Another important factor is the structural design of the project. Based on the wind zone that the site is located in, an increase of up to Rs 0.4 million-Rs 0.5 million per MW may be incurred. While this is a significant addition to the BoS cost, it is essential to incur it in order to ensure that the project is of high quality. The quality benchmark should be similarly followed at every component level including modules. In addition, it is important that the BoS supplier, the equipment supplier or the engineering, procurement and construction (EPC) company ensures environmental, health and safety (EHS) compliance and follows high quality labour practices. We ensure that every company we award a contract to follows international-level EHS practices for the well-being of its employees as well as subcontractor employees.
In terms of capital cost, a solar power plant is divided into two key parts – modules and BoS. The latter is a very important but complex aspect owing to the number of small components it involves and their impact on overall plant efficiency.
The current trend of rapidly decreasing solar power tariffs is putting immense pressure on module manufacturers and BoS suppliers.
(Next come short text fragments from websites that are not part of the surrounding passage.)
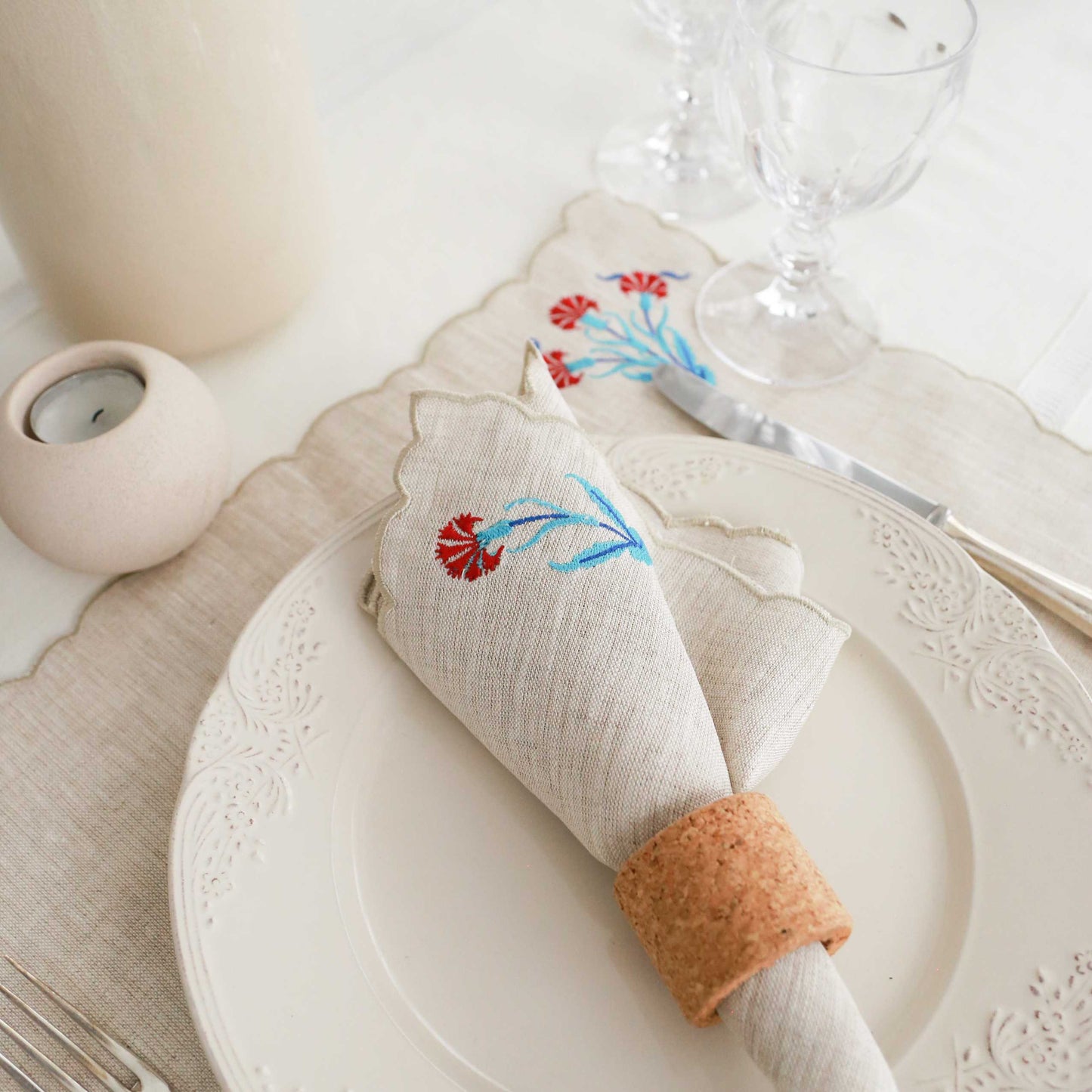 Turquoise Clove - Set of 4 Linen Placemat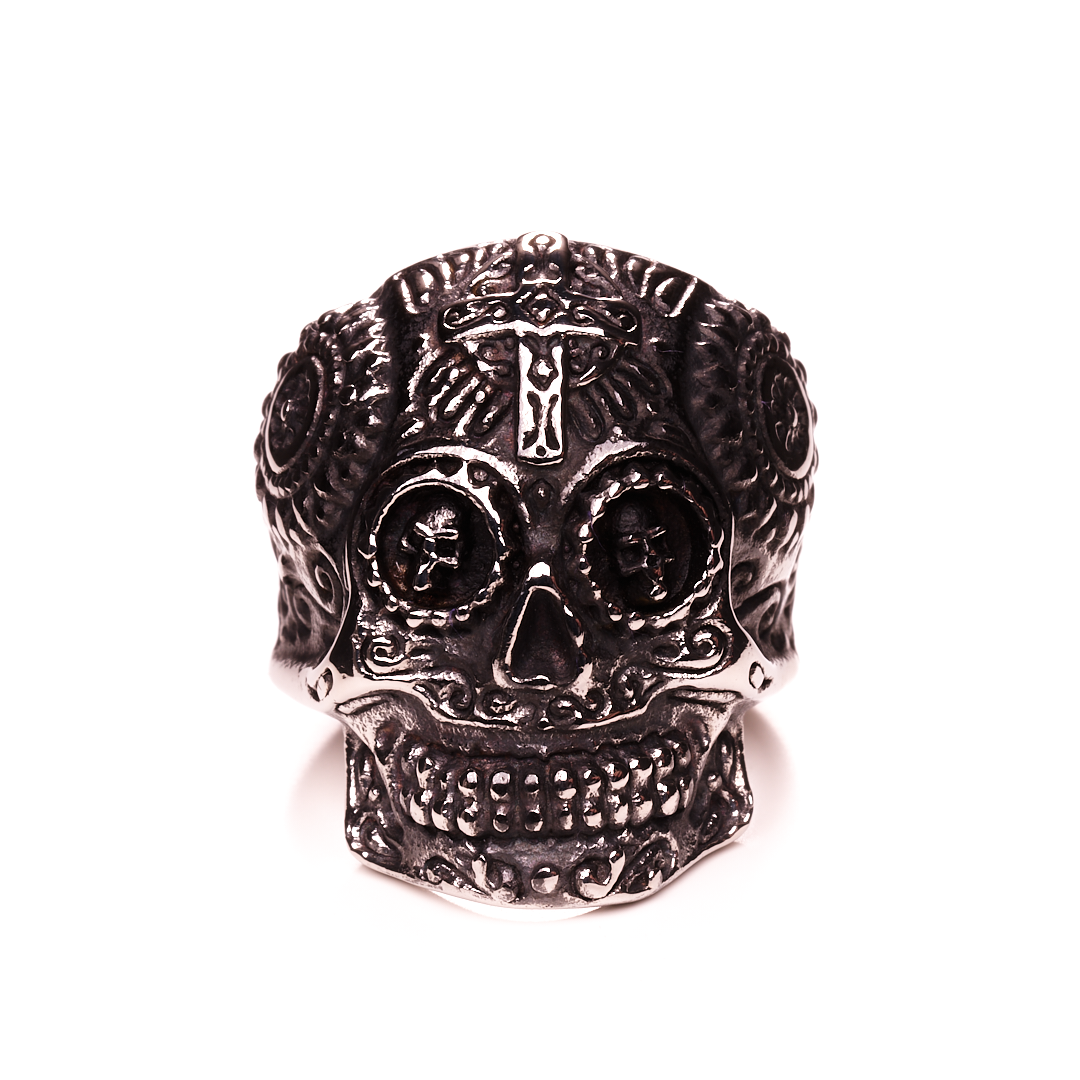 Ornate Sugar Skull Stainless Steel Ring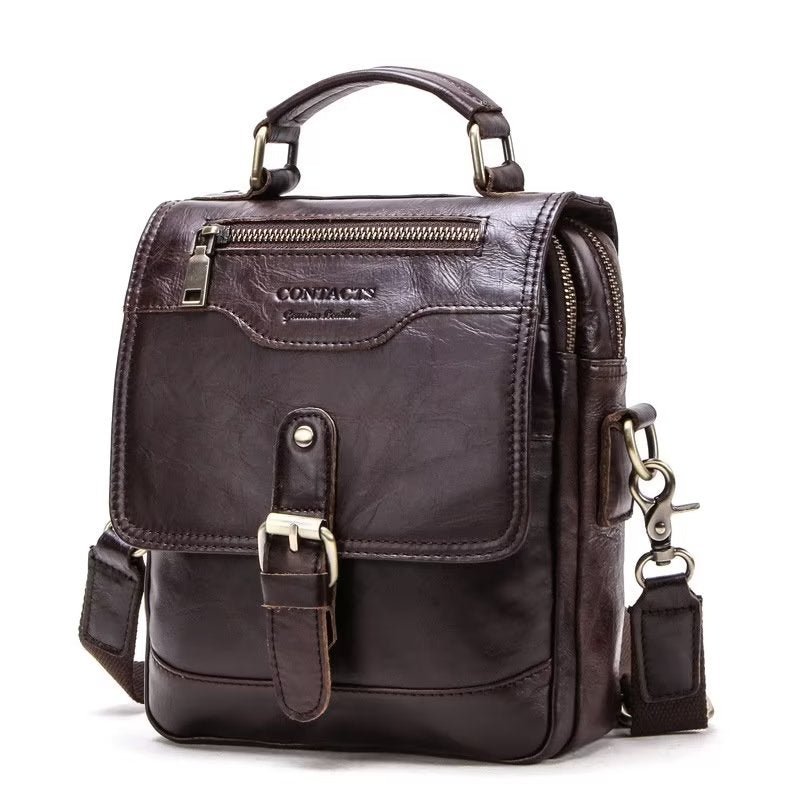 Pánske Tašky Cez Rameno Luxusná Crossbody Taška Messenger Kolekcia Crazy Horse Rugged - Káva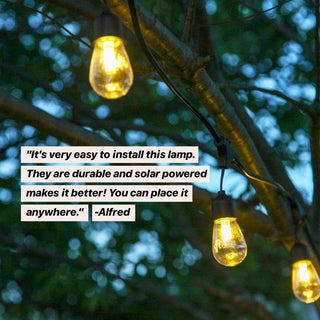 Ambience Pro, Waterproof, Solar Outdoor String Lights, Hanging, 2700K, 24'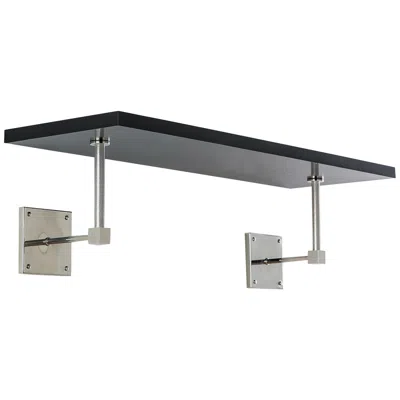 Port 68 Billy 36" Wide Black And Polished Nickel Wall Shelf
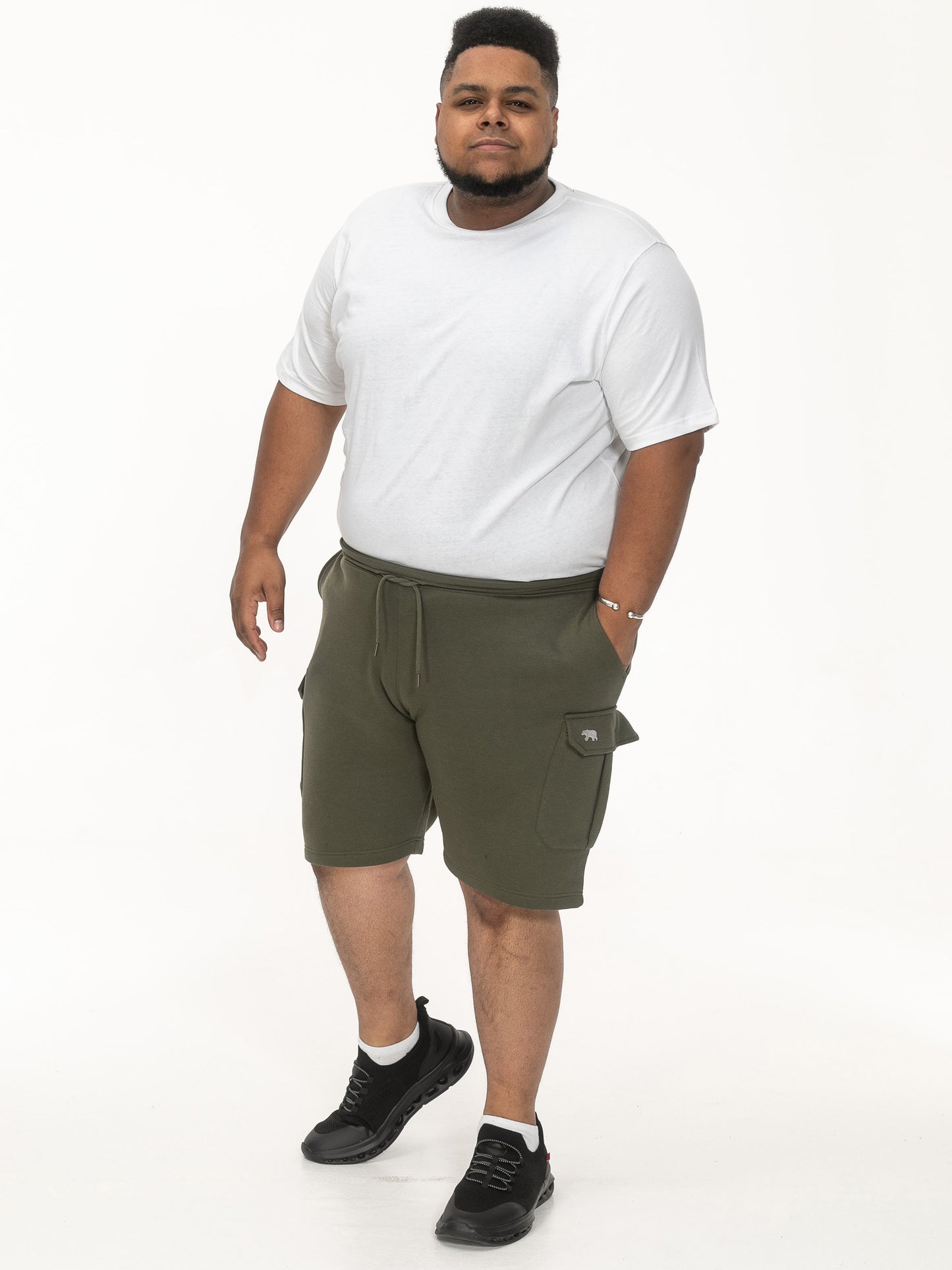WIGAN 1-D555 Khaki Green Elasticated Waist Fleece Cargo Shorts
For a developer, once the tariff is locked, it is a tough task to achieve the target cost. With module prices for projects being fixed, there is immense pressure on the BoS side for cutting costs. It is essential that while achieving the target, the quality of components is not compromised. There has to be a balance between the cost, quality and reliability of the BoS component, especially considering the fact that these projects have a lifespan of 25 years.
Amongst various components, inverters are generally considered the heart of the BoS. Specifications such as the type and efficiency of the inverter play a very important role in deriving the maximum output from a solar power plant. In recent times, a number of developments have been seen in the inverter space. For instance, the size of the central inverter used in the plant has increased from 200-250 kW to as high as 2.5 MW. As per our experience, an increase in the size of the inverter leads to reduction in costs on account of a reduction in other electrical components. However, in case of a failure, using a larger capacity inverter will lead to a much higher generation loss.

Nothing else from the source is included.